指定買取人を指定する場合には、定款に特に定めがない限り、取締役会設置会社においては取締役会決議、それ以外の会社においては株主総会の特別決議によって指定する必要がある(会社140条5項、309条2項1号)。

※2 会社が買い取る場合には、買取額は、売買の効力が生じる日における分配可能額を超えてはならないという財源規制の制約がある(会社461条1項1号・465条1項1号)。財源規制に違反した場合、みなし承認となってしまうと解されるため(※3)、譲渡等承認請求を認めたくない会社としては、最終的な売買価格(会社144条参照)が、分配可能額を超える可能性がある場合には、指定買取人による買取、又は、会社と指定買取人による買取を検討せざるをえなくなる。

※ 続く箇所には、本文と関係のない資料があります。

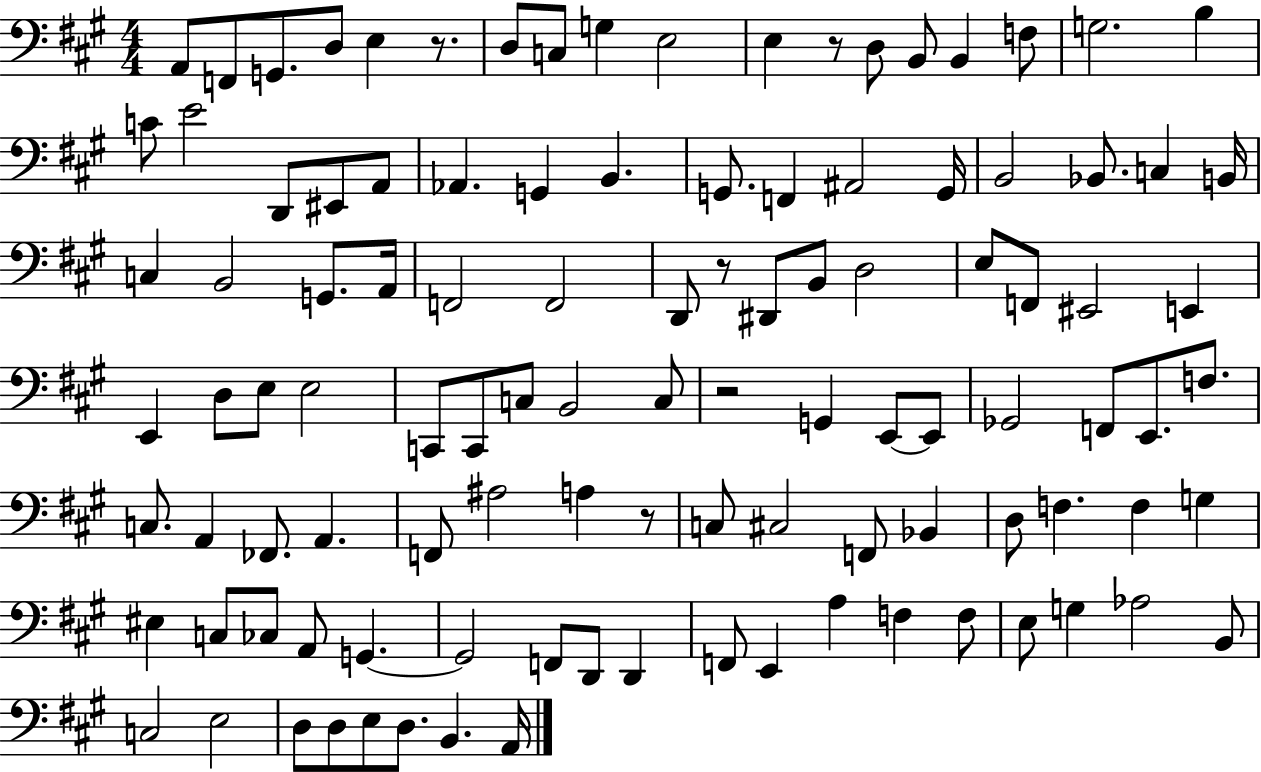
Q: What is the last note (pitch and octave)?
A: A2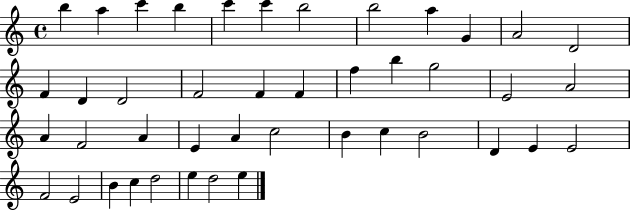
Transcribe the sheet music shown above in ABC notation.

X:1
T:Untitled
M:4/4
L:1/4
K:C
b a c' b c' c' b2 b2 a G A2 D2 F D D2 F2 F F f b g2 E2 A2 A F2 A E A c2 B c B2 D E E2 F2 E2 B c d2 e d2 e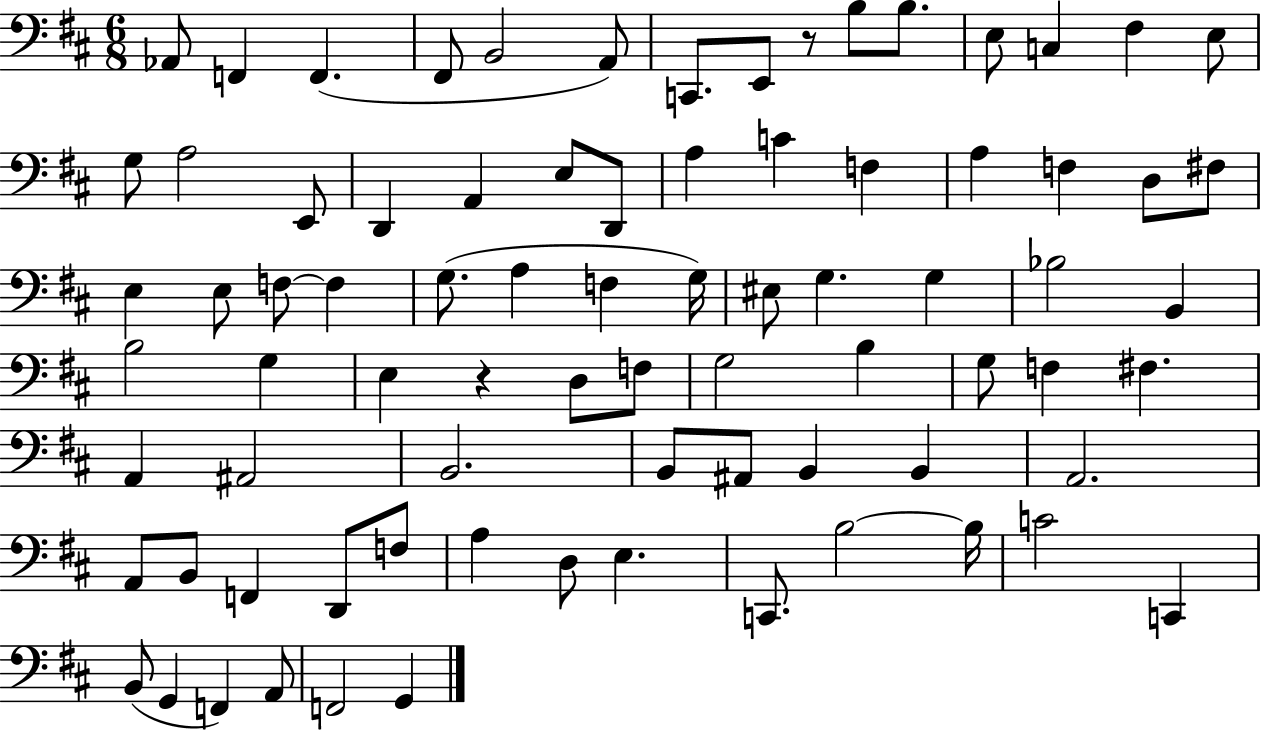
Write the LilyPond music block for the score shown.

{
  \clef bass
  \numericTimeSignature
  \time 6/8
  \key d \major
  \repeat volta 2 { aes,8 f,4 f,4.( | fis,8 b,2 a,8) | c,8. e,8 r8 b8 b8. | e8 c4 fis4 e8 | \break g8 a2 e,8 | d,4 a,4 e8 d,8 | a4 c'4 f4 | a4 f4 d8 fis8 | \break e4 e8 f8~~ f4 | g8.( a4 f4 g16) | eis8 g4. g4 | bes2 b,4 | \break b2 g4 | e4 r4 d8 f8 | g2 b4 | g8 f4 fis4. | \break a,4 ais,2 | b,2. | b,8 ais,8 b,4 b,4 | a,2. | \break a,8 b,8 f,4 d,8 f8 | a4 d8 e4. | c,8. b2~~ b16 | c'2 c,4 | \break b,8( g,4 f,4) a,8 | f,2 g,4 | } \bar "|."
}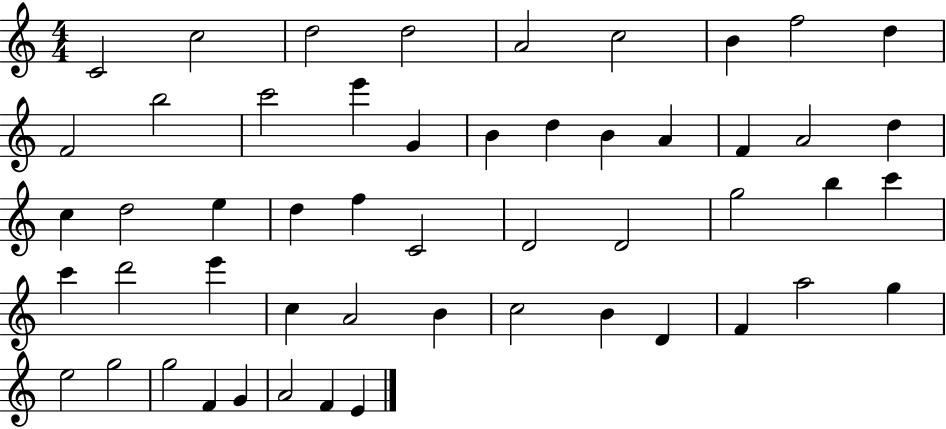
X:1
T:Untitled
M:4/4
L:1/4
K:C
C2 c2 d2 d2 A2 c2 B f2 d F2 b2 c'2 e' G B d B A F A2 d c d2 e d f C2 D2 D2 g2 b c' c' d'2 e' c A2 B c2 B D F a2 g e2 g2 g2 F G A2 F E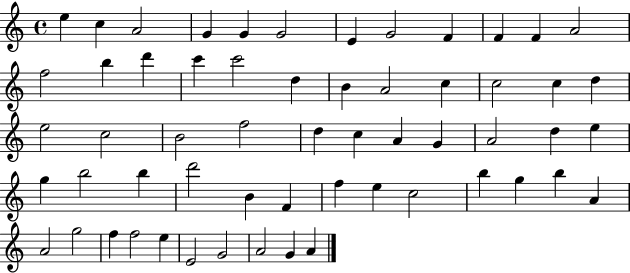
E5/q C5/q A4/h G4/q G4/q G4/h E4/q G4/h F4/q F4/q F4/q A4/h F5/h B5/q D6/q C6/q C6/h D5/q B4/q A4/h C5/q C5/h C5/q D5/q E5/h C5/h B4/h F5/h D5/q C5/q A4/q G4/q A4/h D5/q E5/q G5/q B5/h B5/q D6/h B4/q F4/q F5/q E5/q C5/h B5/q G5/q B5/q A4/q A4/h G5/h F5/q F5/h E5/q E4/h G4/h A4/h G4/q A4/q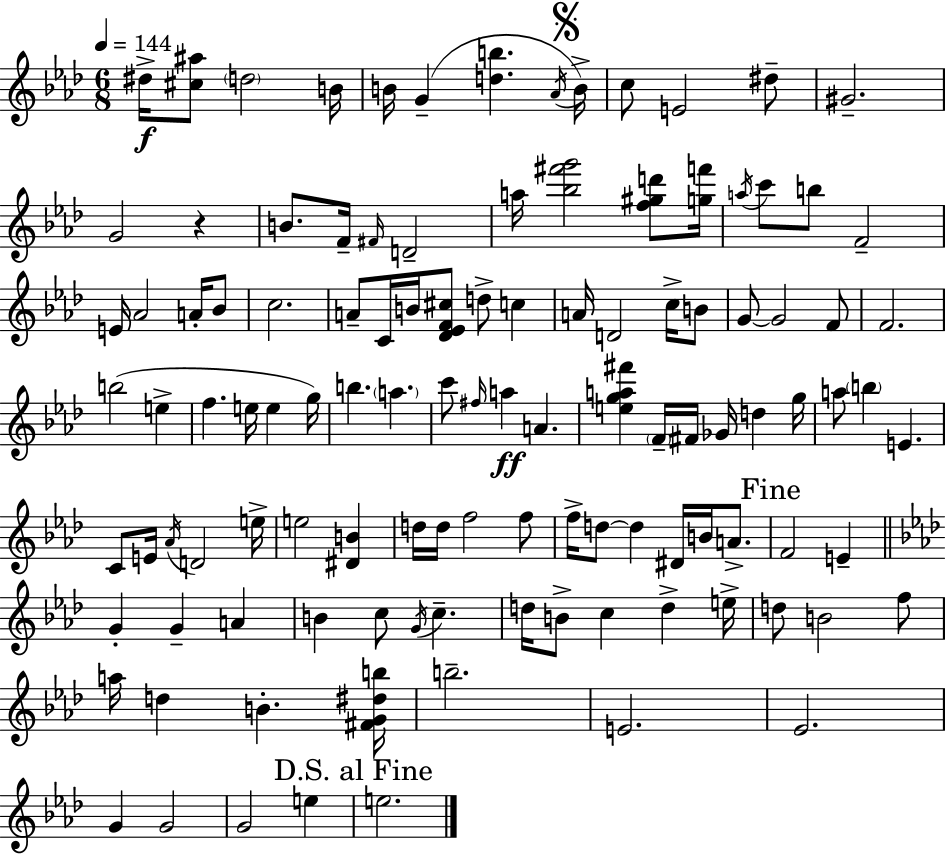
D#5/s [C#5,A#5]/e D5/h B4/s B4/s G4/q [D5,B5]/q. Ab4/s B4/s C5/e E4/h D#5/e G#4/h. G4/h R/q B4/e. F4/s F#4/s D4/h A5/s [Bb5,F#6,G6]/h [F5,G#5,D6]/e [G5,F6]/s A5/s C6/e B5/e F4/h E4/s Ab4/h A4/s Bb4/e C5/h. A4/e C4/s B4/s [Db4,Eb4,F4,C#5]/e D5/e C5/q A4/s D4/h C5/s B4/e G4/e G4/h F4/e F4/h. B5/h E5/q F5/q. E5/s E5/q G5/s B5/q. A5/q. C6/e F#5/s A5/q A4/q. [E5,G5,A5,F#6]/q F4/s F#4/s Gb4/s D5/q G5/s A5/e B5/q E4/q. C4/e E4/s Ab4/s D4/h E5/s E5/h [D#4,B4]/q D5/s D5/s F5/h F5/e F5/s D5/e D5/q D#4/s B4/s A4/e. F4/h E4/q G4/q G4/q A4/q B4/q C5/e G4/s C5/q. D5/s B4/e C5/q D5/q E5/s D5/e B4/h F5/e A5/s D5/q B4/q. [F#4,G4,D#5,B5]/s B5/h. E4/h. Eb4/h. G4/q G4/h G4/h E5/q E5/h.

※3 財源規制に違反した株式の取得の有効性については争いがあるところ、無効説を前提にすると、会社法145条3号、会社規則26条3号を類推解釈して、譲渡承認請求について承認をする決定をしたものと見なされると解される(山本爲三郎「会社法コンメンタール3-株式(1)」(2013年、㈱商事法務)400頁)。有効説を前提にした場合でも、当初会社が想定していた買取額は財源規制の範囲内であると考えていたが、後の裁判所による売買価格の決定(会社144条2項乃至4項)によって定められた額が財源規制の範囲を超えていた場合(裁判所の決定する額は、財源規制は及ばないと解される。)、会社は売買代金を支払うことができず、譲渡等承認請求者が会社との間の対象株式に係る売買契約を解除できると解され、解除により、会社が譲渡を承認する旨の決定をしたものと見なされることになる(会社145条3号、会社規則26条3号)(秋吉信彦外「新・類型別会社非訟」131頁)。

 

ア 会社による買取の場合
 会社が買取りをする場合には、一株あたりの純資産額に買取対象株式数を乗じた金額を供託し、供託を証する書面(供託書)を譲渡等承認請求者に対して交付し、更に、会社が買い取る旨等を通知する必要がある(141条1項・2項)。この書面の交付と通知は、会社が承認認拒絶の通知をした日から40日以内に行わないと、承認をする旨の決定をしたものと見なされてしまう(会社145条2号、会社規則26条1号)。

イ 指定買取人による買取の場合
 指定買取人による買取りの場合、会社が買取りをする場合と同様に、指定買取人は、一株あたりの純資産額に買取対象株式数を乗じた金額を供託し、供託を証する書面を譲渡等承認請求者に対して交付し、更に、指定買取人が買い取る旨等を通知する必要がある。この書面の交付を、会社が承認認拒絶の通知をした日から10日以内に行わないと、承認をする旨の決定をしたものと見なされてしまう(会社145条2号、同条3号・会社規則26条2号)。

4 売買価格の決定
 会社又は指定買取人が、譲渡等承認請求者に対して、買い取る旨の通知することによって売買契約が成立する。そして、会社又は指定買取人と譲渡等承認請求者との間で、売買価格についての協議をすることになる(会社144条1項・7項)。
 しかし、その協議が整わない場合には、いずれかから、買取の通知があった日から20日以内に、裁判所に対して、売買価格の決定の申し立てをすることができる(会社144条2項・7項)。この期間内に申し立てがないと、会社又は指定買取人が供託すべき額(一株あたりの純資産額に買取対象株式数を乗じた金額)が売買価格となる(会社144条5項・7項)。